Go through the records and extract every line with the word "view".

+===+

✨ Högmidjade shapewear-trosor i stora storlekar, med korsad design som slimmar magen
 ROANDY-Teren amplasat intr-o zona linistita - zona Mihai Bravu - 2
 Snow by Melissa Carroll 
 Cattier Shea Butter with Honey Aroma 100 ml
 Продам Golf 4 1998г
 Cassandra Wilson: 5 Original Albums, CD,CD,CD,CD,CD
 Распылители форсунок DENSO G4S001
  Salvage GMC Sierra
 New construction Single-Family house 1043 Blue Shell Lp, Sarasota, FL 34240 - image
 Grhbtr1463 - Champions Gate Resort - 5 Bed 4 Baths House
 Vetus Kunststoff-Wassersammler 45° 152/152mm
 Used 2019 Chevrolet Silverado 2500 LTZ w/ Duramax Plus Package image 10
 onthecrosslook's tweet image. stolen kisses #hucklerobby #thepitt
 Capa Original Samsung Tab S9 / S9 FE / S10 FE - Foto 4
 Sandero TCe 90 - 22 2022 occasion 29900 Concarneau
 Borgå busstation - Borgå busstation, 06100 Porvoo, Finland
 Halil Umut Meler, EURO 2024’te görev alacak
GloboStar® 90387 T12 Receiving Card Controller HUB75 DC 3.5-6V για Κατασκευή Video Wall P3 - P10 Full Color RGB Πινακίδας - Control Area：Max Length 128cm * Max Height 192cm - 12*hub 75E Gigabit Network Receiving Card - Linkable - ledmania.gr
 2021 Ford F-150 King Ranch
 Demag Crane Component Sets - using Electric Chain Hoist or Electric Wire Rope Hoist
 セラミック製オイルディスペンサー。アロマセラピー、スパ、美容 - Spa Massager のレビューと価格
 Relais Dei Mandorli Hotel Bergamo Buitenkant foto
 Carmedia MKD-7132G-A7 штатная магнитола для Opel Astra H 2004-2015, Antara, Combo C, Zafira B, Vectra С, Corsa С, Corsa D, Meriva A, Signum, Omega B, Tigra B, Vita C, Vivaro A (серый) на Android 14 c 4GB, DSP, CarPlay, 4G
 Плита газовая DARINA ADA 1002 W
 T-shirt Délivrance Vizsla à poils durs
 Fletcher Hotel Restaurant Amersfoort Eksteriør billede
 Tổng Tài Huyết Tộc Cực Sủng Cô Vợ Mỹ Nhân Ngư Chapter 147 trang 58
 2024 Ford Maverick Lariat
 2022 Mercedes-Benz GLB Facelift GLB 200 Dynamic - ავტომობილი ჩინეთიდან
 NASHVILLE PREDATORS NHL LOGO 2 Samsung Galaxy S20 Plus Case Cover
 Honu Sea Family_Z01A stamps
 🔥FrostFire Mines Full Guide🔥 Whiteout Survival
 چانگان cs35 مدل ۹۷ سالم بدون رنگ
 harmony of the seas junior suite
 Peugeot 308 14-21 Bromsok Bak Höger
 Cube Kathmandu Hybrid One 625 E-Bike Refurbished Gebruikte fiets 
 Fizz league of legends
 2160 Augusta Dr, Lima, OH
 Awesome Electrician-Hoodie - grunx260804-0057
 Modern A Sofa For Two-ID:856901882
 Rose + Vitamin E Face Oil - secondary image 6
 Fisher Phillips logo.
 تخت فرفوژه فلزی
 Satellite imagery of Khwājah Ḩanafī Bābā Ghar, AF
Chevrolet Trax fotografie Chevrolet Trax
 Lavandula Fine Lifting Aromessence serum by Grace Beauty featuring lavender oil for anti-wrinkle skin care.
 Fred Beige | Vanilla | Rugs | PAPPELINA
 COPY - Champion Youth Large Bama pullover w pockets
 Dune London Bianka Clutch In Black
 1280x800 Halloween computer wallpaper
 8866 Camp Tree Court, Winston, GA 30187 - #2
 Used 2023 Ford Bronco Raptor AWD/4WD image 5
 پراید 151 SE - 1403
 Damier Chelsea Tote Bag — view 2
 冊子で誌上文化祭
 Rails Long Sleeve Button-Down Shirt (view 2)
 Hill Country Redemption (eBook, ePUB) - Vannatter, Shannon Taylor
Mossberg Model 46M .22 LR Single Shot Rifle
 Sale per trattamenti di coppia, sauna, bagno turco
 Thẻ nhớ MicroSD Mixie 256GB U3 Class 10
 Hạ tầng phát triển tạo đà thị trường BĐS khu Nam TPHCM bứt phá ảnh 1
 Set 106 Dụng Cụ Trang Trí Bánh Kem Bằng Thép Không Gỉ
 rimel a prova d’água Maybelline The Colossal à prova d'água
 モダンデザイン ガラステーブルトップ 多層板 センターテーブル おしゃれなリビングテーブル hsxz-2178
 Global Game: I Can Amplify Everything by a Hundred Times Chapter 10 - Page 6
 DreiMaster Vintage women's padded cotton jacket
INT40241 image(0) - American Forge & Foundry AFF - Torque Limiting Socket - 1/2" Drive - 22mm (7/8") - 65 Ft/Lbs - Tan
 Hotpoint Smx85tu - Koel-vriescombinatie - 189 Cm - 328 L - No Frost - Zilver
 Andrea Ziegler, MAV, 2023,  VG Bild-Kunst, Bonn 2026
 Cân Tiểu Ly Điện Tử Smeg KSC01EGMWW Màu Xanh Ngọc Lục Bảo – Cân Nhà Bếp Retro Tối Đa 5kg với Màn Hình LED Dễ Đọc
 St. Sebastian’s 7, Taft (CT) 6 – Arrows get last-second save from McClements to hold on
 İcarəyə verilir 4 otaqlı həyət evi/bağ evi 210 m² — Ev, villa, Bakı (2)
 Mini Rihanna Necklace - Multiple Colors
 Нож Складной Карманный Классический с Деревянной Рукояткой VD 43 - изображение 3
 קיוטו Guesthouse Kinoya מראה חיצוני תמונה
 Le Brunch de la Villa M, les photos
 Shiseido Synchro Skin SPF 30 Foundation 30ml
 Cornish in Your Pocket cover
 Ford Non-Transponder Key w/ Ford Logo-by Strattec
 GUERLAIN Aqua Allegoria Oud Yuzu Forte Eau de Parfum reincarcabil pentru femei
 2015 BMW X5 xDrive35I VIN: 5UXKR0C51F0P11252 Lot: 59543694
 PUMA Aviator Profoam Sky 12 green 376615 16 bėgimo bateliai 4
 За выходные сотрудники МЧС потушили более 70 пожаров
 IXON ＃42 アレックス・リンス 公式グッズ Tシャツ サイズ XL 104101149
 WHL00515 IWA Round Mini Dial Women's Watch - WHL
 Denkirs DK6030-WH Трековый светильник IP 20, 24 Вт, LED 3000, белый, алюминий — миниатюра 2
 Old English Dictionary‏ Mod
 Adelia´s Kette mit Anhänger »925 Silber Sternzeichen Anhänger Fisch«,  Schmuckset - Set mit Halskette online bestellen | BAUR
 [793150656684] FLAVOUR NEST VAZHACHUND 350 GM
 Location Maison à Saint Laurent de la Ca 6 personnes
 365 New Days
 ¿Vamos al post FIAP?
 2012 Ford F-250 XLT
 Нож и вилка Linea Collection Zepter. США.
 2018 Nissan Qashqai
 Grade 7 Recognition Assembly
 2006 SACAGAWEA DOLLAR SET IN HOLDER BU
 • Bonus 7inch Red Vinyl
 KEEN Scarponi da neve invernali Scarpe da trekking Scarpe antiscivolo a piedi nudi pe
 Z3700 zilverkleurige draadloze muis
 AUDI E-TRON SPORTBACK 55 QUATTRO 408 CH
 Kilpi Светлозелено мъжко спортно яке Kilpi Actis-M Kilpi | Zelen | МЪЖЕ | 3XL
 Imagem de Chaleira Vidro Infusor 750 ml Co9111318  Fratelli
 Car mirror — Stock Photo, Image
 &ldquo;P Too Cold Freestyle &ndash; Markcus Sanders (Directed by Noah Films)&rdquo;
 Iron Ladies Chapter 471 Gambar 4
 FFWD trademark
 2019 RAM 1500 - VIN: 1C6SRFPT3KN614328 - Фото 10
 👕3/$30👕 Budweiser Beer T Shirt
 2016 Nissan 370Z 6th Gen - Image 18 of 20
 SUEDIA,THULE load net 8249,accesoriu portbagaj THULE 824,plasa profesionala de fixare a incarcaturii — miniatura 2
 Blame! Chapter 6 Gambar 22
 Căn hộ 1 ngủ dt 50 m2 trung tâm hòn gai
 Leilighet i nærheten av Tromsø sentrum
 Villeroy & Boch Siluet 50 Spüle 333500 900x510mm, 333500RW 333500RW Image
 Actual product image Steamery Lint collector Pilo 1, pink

+===+

- _Written response_:
 Damier Chelsea Tote Bag — view 2
 Rails Long Sleeve Button-Down Shirt (view 2)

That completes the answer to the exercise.